Model outcomes were compared with independent empirical epidemiological measures. Chlamydia prevalence among 16–29-year-olds was measured in 2011 by the Australian Chlamydia Control Effectiveness Pilot (ACCEPt)—a randomised controlled trial of a chlamydia testing intervention in 150 general practice clinics.19 Since ACCEPt was conducted among sexually active 16–29-year-olds, prevalence estimates from the study were scaled down to account for the prevalence of sexual activity in these age groups (the Australian study of health and relationships found that 66%, 89% and 95% of men and 56%, 90% and 97% of women aged 15–19, 20–24 and 25–29 years, respectively, have been sexually active15). The model outcomes were also compared with a study which measured incidence and prevalence among a cohort of young women (see Discussion section).5
The number of chlamydia notifications in Australia increased markedly over the study period, with 82 484 notifications in 2013 compared with 20 224 in 2001 (>300% increase). During the same period, the number of chlamydia tests recorded by Medicare increased by ∼500% with 1 090 705 tests rebated in 2012 compared with 184 024 in 2001 (see online supplementary figure S1).

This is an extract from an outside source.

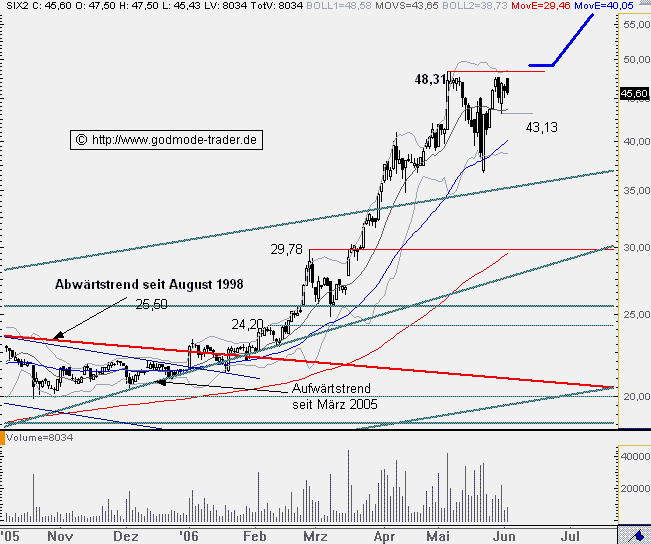 sixt.gif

To assess the accuracy of our calibrated model, we compared the 95% credible intervals (CIs) from the model output with the corresponding NNDSS and Medicare data in 15–24 and ≥25-year-old men and women. The comparison showed a close agreement between the model outcomes and the actual data (figure 2A, B).
Figure 2C presents a comparison between the model-based (median and 95% CI) estimates of chlamydia prevalence and measured prevalence among 16–24-year-old men and women in 2011 from the ACCEPt study (scaled down to adjust for rates of sexual activity). The comparison shows broad agreement between the model estimates and the measured prevalences for younger men and older women. The ACCEPt estimate for older men is so uncertain that it covers almost our entire credible range for all age–sex cohorts but has a mean below our estimate. Of greater concern is the relatively narrow range of the ACCEPt estimated prevalence for young women at 3.6–5.6% (95% CI), which lies above our model-based estimate of 3.2–3.6%; however, the quoted CI for the former excludes uncertainty in the estimate of the sexually active proportion in this cohort, which together with some additional variance contribution from the particular geographical coverage of the ACCEPt pilot study could reasonably account for the discrepancy here.

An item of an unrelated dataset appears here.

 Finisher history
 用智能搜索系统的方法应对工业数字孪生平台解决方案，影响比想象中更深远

The model inferred that the estimated total number of people acquiring chlamydia per year in Australia has increased from 160 000 (95% CI 157 000 to 164 000) in 2001 to 356 000 (344 000 to 367 000) in 2013, a 120% increase. This population chlamydia incidence corresponds to a per-person rate of 2.0% (1.9% to 2.1%) in men and 1.1% (1.1% to 1.2%) in women in 2013 overall.

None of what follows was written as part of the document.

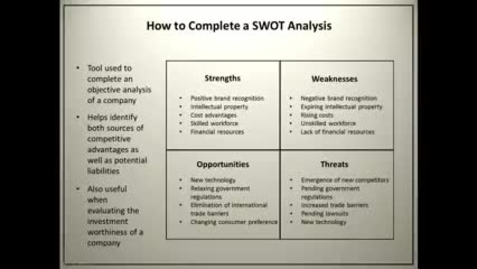 Thumbnail for How to Complete a SWOT Analysis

The model outcomes suggest that chlamydia incidence has been generally increasing over the past decade among both sexes and across all reported age groups (table 1 and figure 3). Incidence rates were greatest in people aged 15–24 years and increased historically: from 2.7% in 2001 to 7.0% in 2013 for men and from 3.1% to 5.6% for women, but appears to have levelled off in the last 2 years (figure 3). Among 25–34-year-olds, estimated incidence increased from 2.2% to 4.1% in men and 1.1% to 1.7% in women; in those aged 35 years or older, estimated incidence increased from 0.39% to 1.0% in men and 0.1% to 0.27% in women from 2001 to 2013.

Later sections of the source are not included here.